The Importance of Mentoring to Students of Historically Black Colleges and Universities (HBCUs)
The importance of mentoring relationships becomes evident as we recognize the value of developing and maintaining relationships with experienced and successful people. The value of a good mentor is immeasurable.
A mentor can help to alleviate much of the frustration students often feel in their first few months in college. By sharing their insight and knowledge, students can be spared a great deal of stress which is often felt. A good mentor can advise and support students and help avoid an unnecessary delinquency due to feelings of incompetence and isolation. A successful mentor demonstrates and upholds the values and ethics of the field they represent.
Good mentors introduce their new students to older mentees for pair guidance. They will offer support and assistance until they feel comfortable in the college setting. As time goes on, mentoring often becomes a two way street and offers benefits to both parties.
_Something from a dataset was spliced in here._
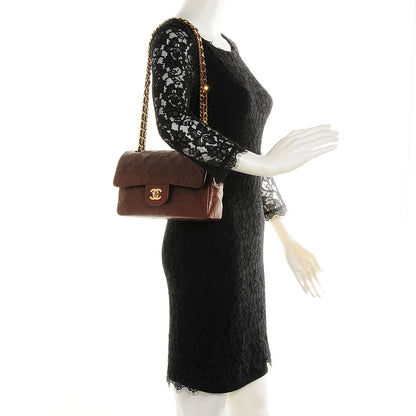 Chanel Lambskin Quilted Small Double Flap Brown 2 of 8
I have identified ten advantages of mentoring to students of HBCUs. They are as follows:
- The structure established by mentors provides accountability
- Mentors provide important answers
- Mentees can learn to reflect more before acting
- Discover the “real” problem and get help to solve it
- They escape from “short-term thinking”
- They obtain a “responsible” alternate perspective
- They get into the “thinking” habit
- Students embrace new possibilities
- Mentees learn to be in balance
- Students get help to distinguish yourself in the marketplace
The Higher Education Act of 1965 defines an HBCU as “… any historically black college or university that was established prior to 1964, whose principal mission was, and is, the education of black Americans.”
Historically Black Colleges and Universities (HBCUs) have a long history of serving African American communities long before many colleges and universities would admit black students.
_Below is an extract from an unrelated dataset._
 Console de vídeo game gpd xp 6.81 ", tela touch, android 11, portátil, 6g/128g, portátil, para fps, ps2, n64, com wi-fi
Even though today’s African American students can attend college anywhere their grades and talents can take them, many still turn to HBCUs for their education. For some students, it may be the chance to study with mentors who are of the same culture and who are successful in their fields. Many develop mentoring, fraternal and family ties to an HBCU that go back generations. Others attend an HBCU to get a college experience with an African American experience with guidance from successful graduates. In addition to rigorous academics, HBCUs have storied legacies that are intertwined with the history of civil rights in the United States, giving their students, regardless of race or background, a distinctive perspective on the African American experience.
Graduate students benefit from guidance by their mentors in many ways. Among these are academic guidance, career development, personal guidance, and overall aid in the socialization of the graduate student. Students also benefit from an enhanced access to a professional network offered by the mentor. Graduate students benefit from the exposure a mentor can provide. Through this exposure the student gains ability to develop meaningful relationships with future colleagues in their respective profession. Thirdly, graduate students benefit from receiving honest feedback from their mentors. These benefits help students survive graduate school, but they also promote the professional and career development of students as well.
Given, minority graduate students historical exclusion from institutions of higher education, the persistent group stereotypes that relate to their academic abilities and competencies, as well their unique cultural perspectives demand that more attention needs to be paid to the qualities needed to effectively mentor this group. For example, good mentors are knowledgeable and sensitive to the issues their students face. To mentor minority graduate students, mentor knowledge could be expanded to include the day-to-day experiences of being a racial minority on their campus as well as mentors’ multicultural competence. Similarly, minority students’ mentors are be more effective when we have experience within diverse contexts and diverse relationships. Feedback, is another example, of an important benefit of mentoring, yet it may be one outcome that many mentors are hesitant to provide.
Many African American students have found alternative sources of support for finishing their degrees by establishing mentoring relationships with mentors outside of their institutions. Mentors from outside like ourselves helped black students form committees, locate relevant literature, develop their writing skills, and identify opportunities for presenting their work and for funding. In short, these ‘‘outsiders’’ performed all of the tasks that one would expect a graduate faculty member within the students’ home department to perform.
In understanding the importance of mentoring, one must know what it means to be a good mentor. Yet for many minority graduate students, the concerns may simply be more around related to access to mentoring rather than the quality of mentoring.
It is my hope to expose the advantages and barriers to functional mentoring and the need to increase mentoring for minority students.